Note 6.   Comprehensive loss

   The Company had no items of other comprehensive income to report
through December 31, 1999.

                                  -7-
<PAGE>

Note 7.   New accounting pronouncements

   In June 1998, the Financial Accounting Standards Board (FASB) issued
SFAS No. 133, "Accounting for Derivative Instruments and Hedging
Activities." This statement requires companies to record derivatives on the
balance sheet as assets or liabilities, measured at fair value. Gains or
losses resulting from changes in the values of those derivatives would be
accounted for depending on the use of the derivative and whether it
qualifies for hedge accounting. SFAS No. 133 will be effective for the
Company's fiscal year ending June 30, 2001. The Company believes that this
statement will not have a significant impact on its financial results.

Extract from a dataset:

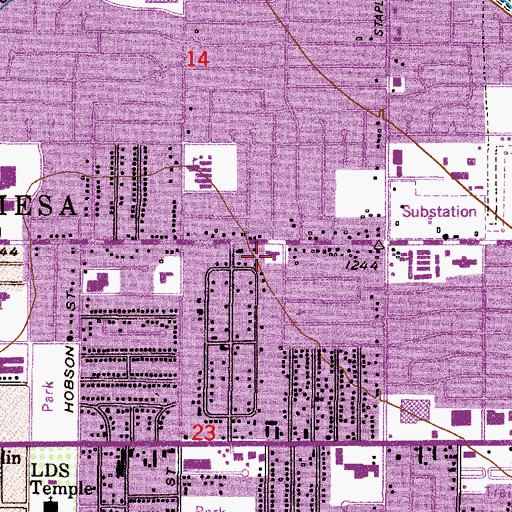 Topographic Map of Mesa First Church of the Nazarene, AZ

Note 8.   Subsequent event

   On January 31, 2000, the Company completed the sale of 5 million shares
of its common stock at a price of $103.50 per share. Of the shares being
offered, 1,250,000 were sold by the Company and 3,750,000 were sold by
stockholders. Offering proceeds to the Company, net of underwriting
discount and aggregate expenses of approximately $7.4 million, were
approximately $122 million.

                                  -8-
<PAGE>

Item 2.  MANAGEMENT'S DISCUSSION AND ANALYSIS OF FINANCIAL CONDITION AND
         RESULTS OF OPERATIONS

   This report contains forward-looking statements within the meaning of
Section 27A of the Securities Act of 1933 and Section 21E of the Securities
Exchange Act of 1934. The forward-looking statements involve risks and
uncertainties. Actual results could differ materially from those projected
in the forward-looking statements as a result of certain factors, including
those set forth in this Item 2, those described elsewhere in this report
and those described in the Company's Registration Statement on Form S-1.
The Company assumes no obligation to update any forward-looking statements.

Overview

   We provide next generation Internet infrastructure solutions that are
designed to increase the performance, availability, scalability,
manageability and control of Web servers and Web data centers. Our products
include Web switches, server adapters and software that combine intelligent
Web session management with the high performance and availability of
leading networking infrastructure solutions. We refer to this combination
of capabilities as Web-working.

   We derive revenues primarily from direct product sales and sales to
original equipment manufacturers, or OEMs, and resellers. Revenues are
generally recognized upon product shipment unless significant Alteon
obligations remain. Revenues are recorded net of sales returns, and
allowances are calculated based on actual historical and expected results.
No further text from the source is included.